_Recorded information_.
Segment Open
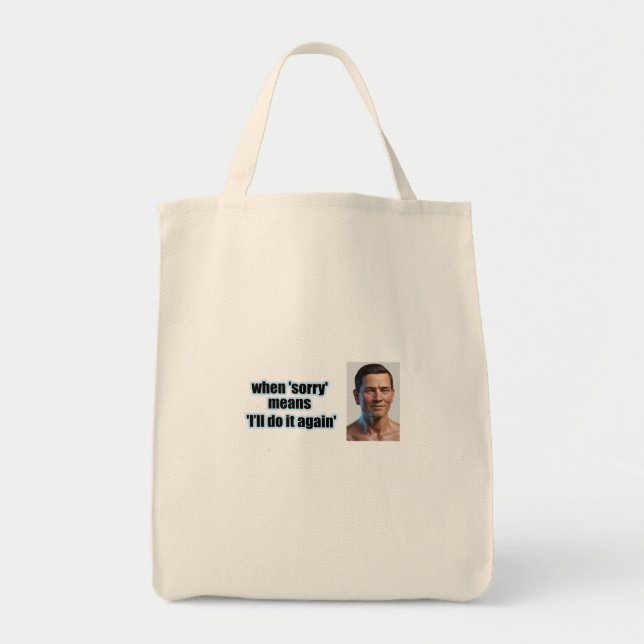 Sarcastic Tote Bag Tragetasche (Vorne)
Segment Closed
Segment Open
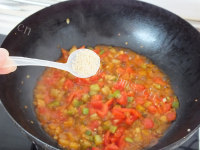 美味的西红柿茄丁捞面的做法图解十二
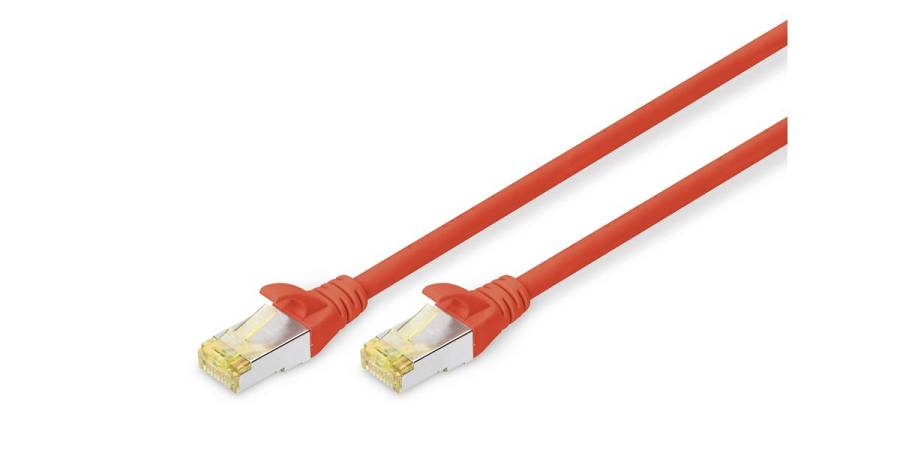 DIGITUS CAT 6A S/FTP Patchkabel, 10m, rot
Segment Closed
_Exercise_.
In the records above, everything from the line with "美味的西红柿茄丁捞面的做法图解十二" down to the line with "DIGITUS CAT 6A S/FTP Patchkabel, 10m, rot" must be duplicated exactly, both lines kept. Leave no pictures in.

_Result_.
 美味的西红柿茄丁捞面的做法图解十二
 DIGITUS CAT 6A S/FTP Patchkabel, 10m, rot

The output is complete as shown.